PROVIDED DATA

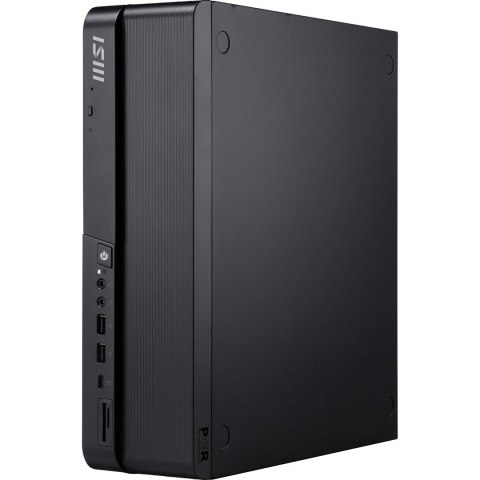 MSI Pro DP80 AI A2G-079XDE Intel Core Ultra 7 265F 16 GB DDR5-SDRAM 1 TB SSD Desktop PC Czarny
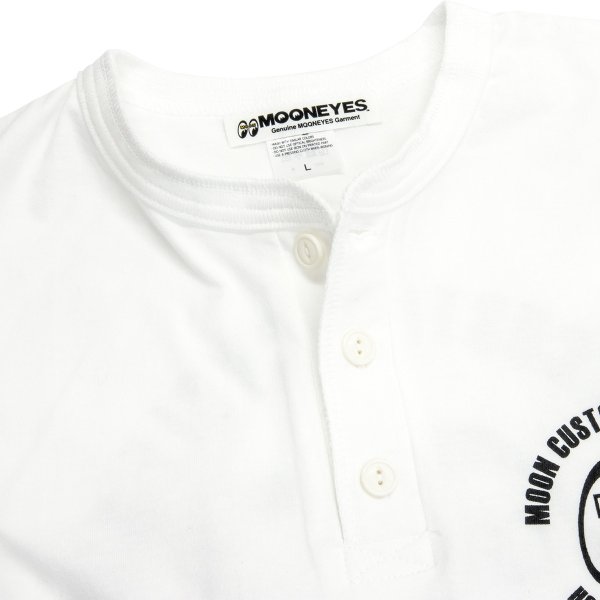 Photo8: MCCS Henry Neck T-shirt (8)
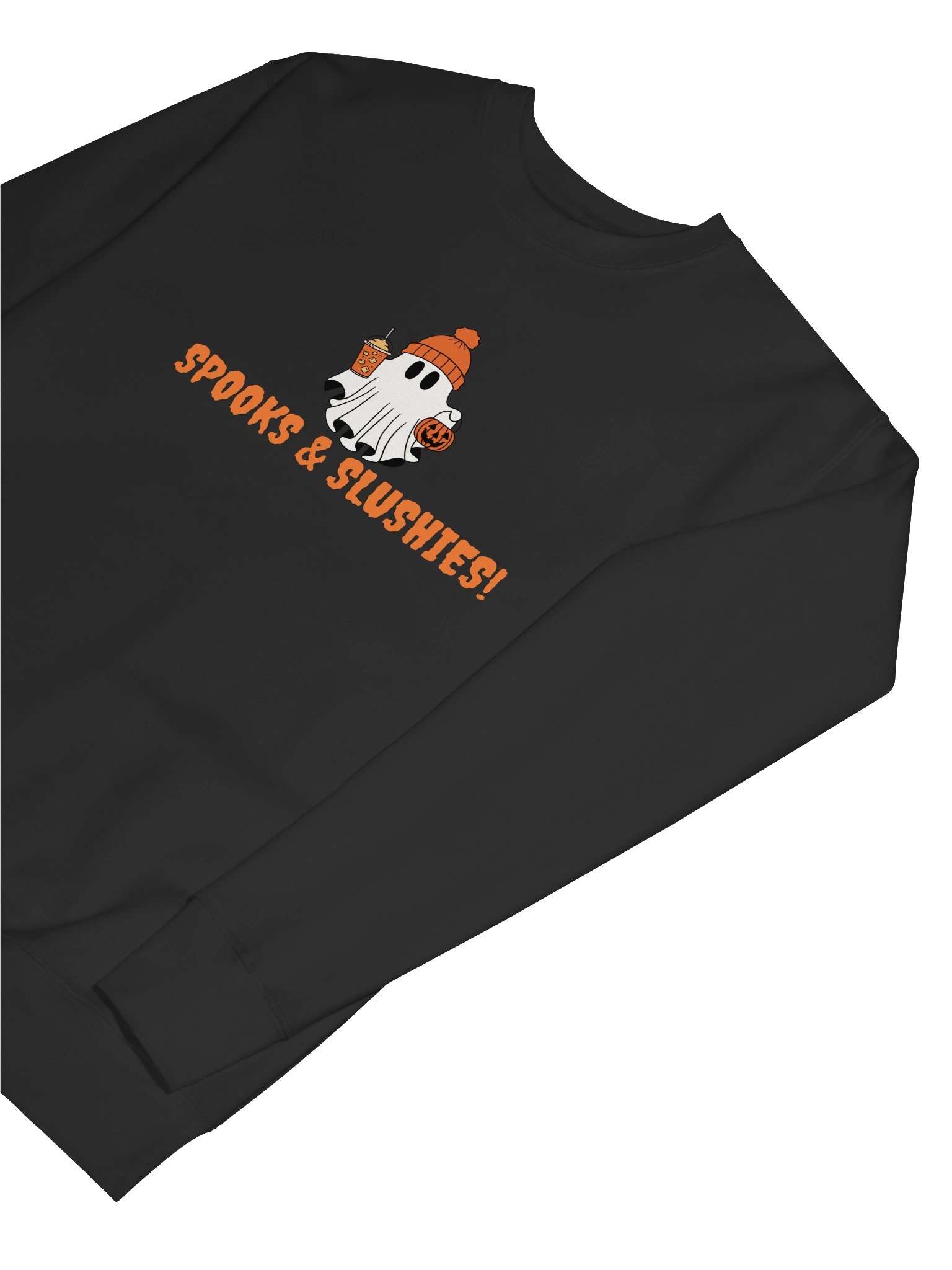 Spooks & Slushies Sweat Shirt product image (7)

YOUR GOAL
Return the material as it stands. Leave out the pictures.

RESPONSE TO THIS TASK
 MSI Pro DP80 AI A2G-079XDE Intel Core Ultra 7 265F 16 GB DDR5-SDRAM 1 TB SSD Desktop PC Czarny
 Photo8: MCCS Henry Neck T-shirt (8)
 Spooks & Slushies Sweat Shirt product image (7)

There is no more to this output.